_Information shown_.
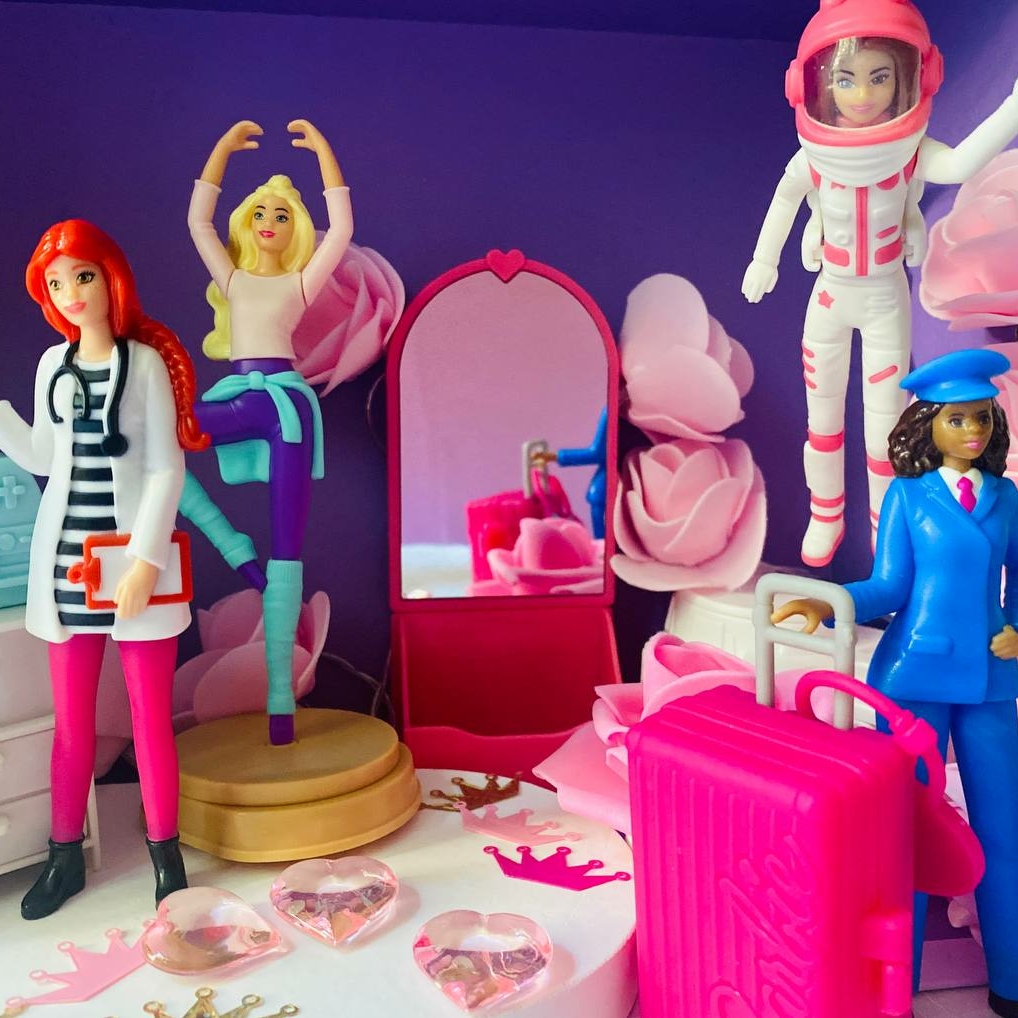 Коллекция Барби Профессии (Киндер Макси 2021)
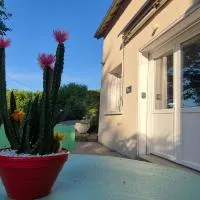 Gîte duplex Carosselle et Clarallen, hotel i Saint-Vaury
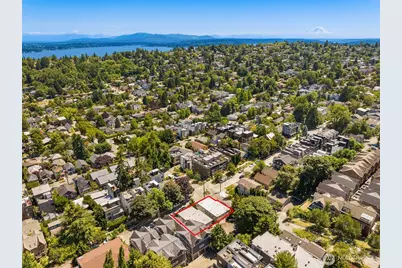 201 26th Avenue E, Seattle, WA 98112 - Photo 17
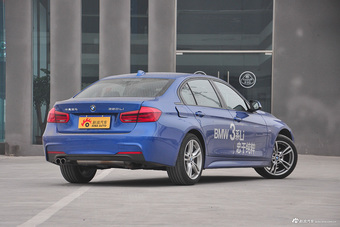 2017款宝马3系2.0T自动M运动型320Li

_Task statement_.
Omit every picture, then repeat the remaining data exactly as it appears above.

_Written reply_.
 Коллекция Барби Профессии (Киндер Макси 2021)
 Gîte duplex Carosselle et Clarallen, hotel i Saint-Vaury
 201 26th Avenue E, Seattle, WA 98112 - Photo 17
 2017款宝马3系2.0T自动M运动型320Li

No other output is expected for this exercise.